(Data entries)
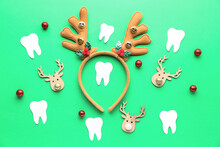 Reindeer Horns With Paper Teeth And Christmas Toys On Green Background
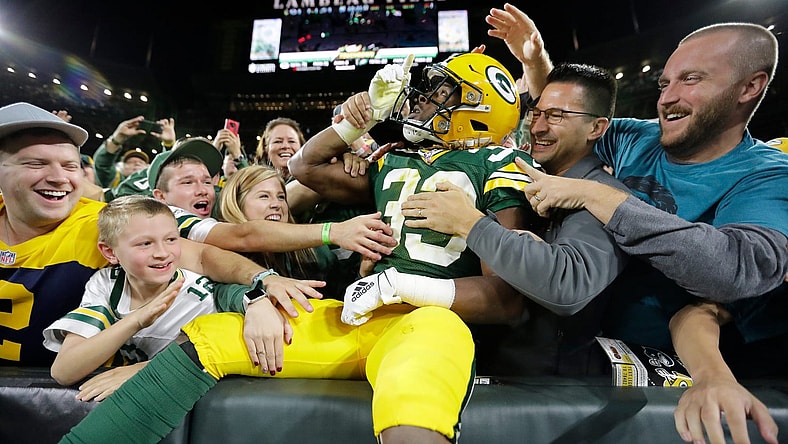 Green Bay Packers RB Aaron Jones leaps at Lambeau Field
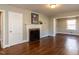 Bright living room with hardwood floors, a decorative fireplace, and an open layout at 1106 Northview St, Garner, NC 27529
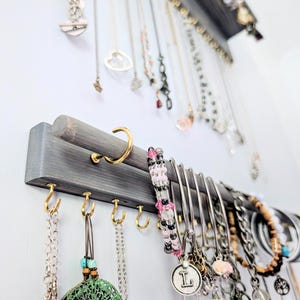 Puede incluir: Un organizador de joyas de madera gris con m&uacute;ltiples collares, pulseras y pendientes colgando. El organizador est&aacute; montado en una pared blanca y presenta ganchos dorados y una barra curva para colgar joyas.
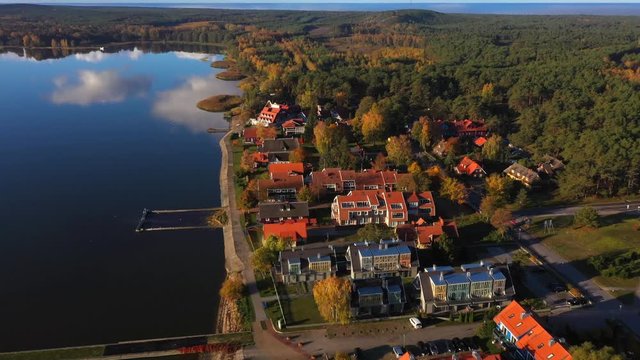 Drone shot of Pervalka, small village in Lithuania, surrounded by autumnal forest, near the coastline and the calm sea, reflecting white clouds on the surface, on a bright sunny day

■ To do:
From the first line to the last, write out the data above exactly. Omit the pictures.

■ Answer to this task:
 Reindeer Horns With Paper Teeth And Christmas Toys On Green Background
 Green Bay Packers RB Aaron Jones leaps at Lambeau Field
 Bright living room with hardwood floors, a decorative fireplace, and an open layout at 1106 Northview St, Garner, NC 27529
 Puede incluir: Un organizador de joyas de madera gris con m&uacute;ltiples collares, pulseras y pendientes colgando. El organizador est&aacute; montado en una pared blanca y presenta ganchos dorados y una barra curva para colgar joyas.
 Drone shot of Pervalka, small village in Lithuania, surrounded by autumnal forest, near the coastline and the calm sea, reflecting white clouds on the surface, on a bright sunny day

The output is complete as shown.